23. In the present case also, the fact that the applicant has approached this Court earlier in its jurisdiction under section 482 Cr.P.C. for quashing of the charge-sheet dated 23.06.2019, quashing of the summoning order dated 27.11.2020 and then filed another application under section 482 Cr.P.C. for quashing the order dated 15.04.2022 passed by the Sessions Judge concerned in a Criminal Revision challenging the order dated 27.11.2020 and in the meantime he had filed an application in the second 482 Cr.P.C. petition with the prayer to dismiss it as withdrawn with a liberty to file a fresh petition by stating in para 4 of the affidavit of it that it has typographical and clerical errors for which correction is not possible and even before it had approached the Apex Court for expediting the hearing of the first 482 Cr.P.C. petition which was allowed and directions were issued for it.
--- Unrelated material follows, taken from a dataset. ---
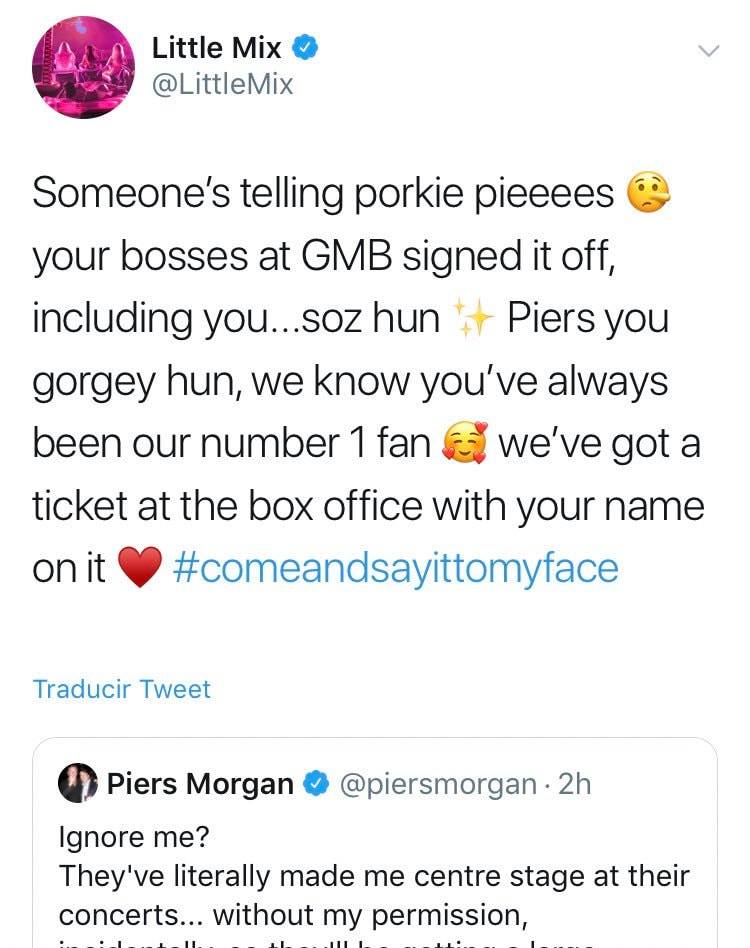Litte Mix afirma que Piers Morgan solo quiere atención ya que si tienen permiso de usar su imagen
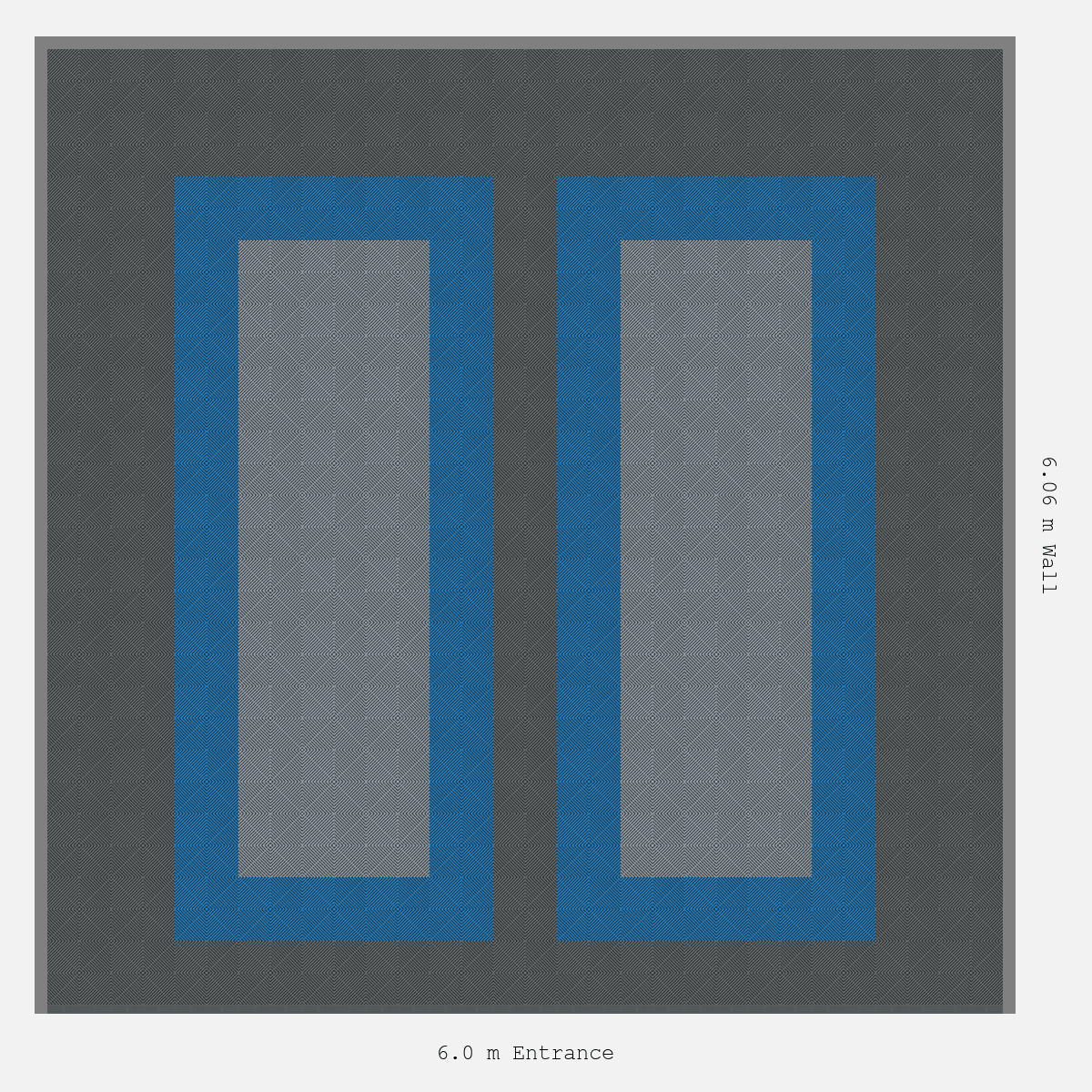 ULTRAGRID Parking Bay Plain Infill Design Base: Space Grey - Outline: Riviera Blue - Infill: Silver Grey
The applicant impatently did not wait for the logical conclusion of one petition filed by him despite an order of the Apex Court in a petition filed by the applicant himself but filed an application for withdrawing it with liberty to file a better petition and without even awaiting for the disposal of the said withdrawl application preferred a Criminal Revision before the Sessions Judge stating in para 6 of a passing reference of the pendency of a 482 Cr.P.C. petition before this Court and then after dismissal of his revision filed another 482 Cr.P.C. petition although challenging the order of the Sessions Judge but with a further prayer to quash the proceeding of the trial court.
24. In substance the prayers made in the two 482 Cr.P.C. petitions and the Criminal Revision before the Sessions Judge were for termination of the trial court proceedings against him with whatsoever prayer it may have been filed (i.e. quashing the charge-sheet dated 23.06.2019, quashing of summoning order dated 27.11.2020, setting aside the order dated 27.11.2020, quashing of the order dated 15.04.2022 and quashing of the entire proceedings). The filing of the Criminal Revision before the Sessions Judge was not with full and complete disclosure of relevant and material facts of the matter. The details of the 482 Cr.P.C., the order of the Apex Court, the filing of application for withdrawl with a prayer to grant liberty for filing a better petition and its pendency before this Court were not at all disclosed in the Revision and has been supressed. It was an act of concealment as held by the Apex Court in the case of Bhaskar Laxman Jadhav (supra). The conduct of the applicant in not fair in pursuing his matters in Courts.
In view of the same, the present application is rejected.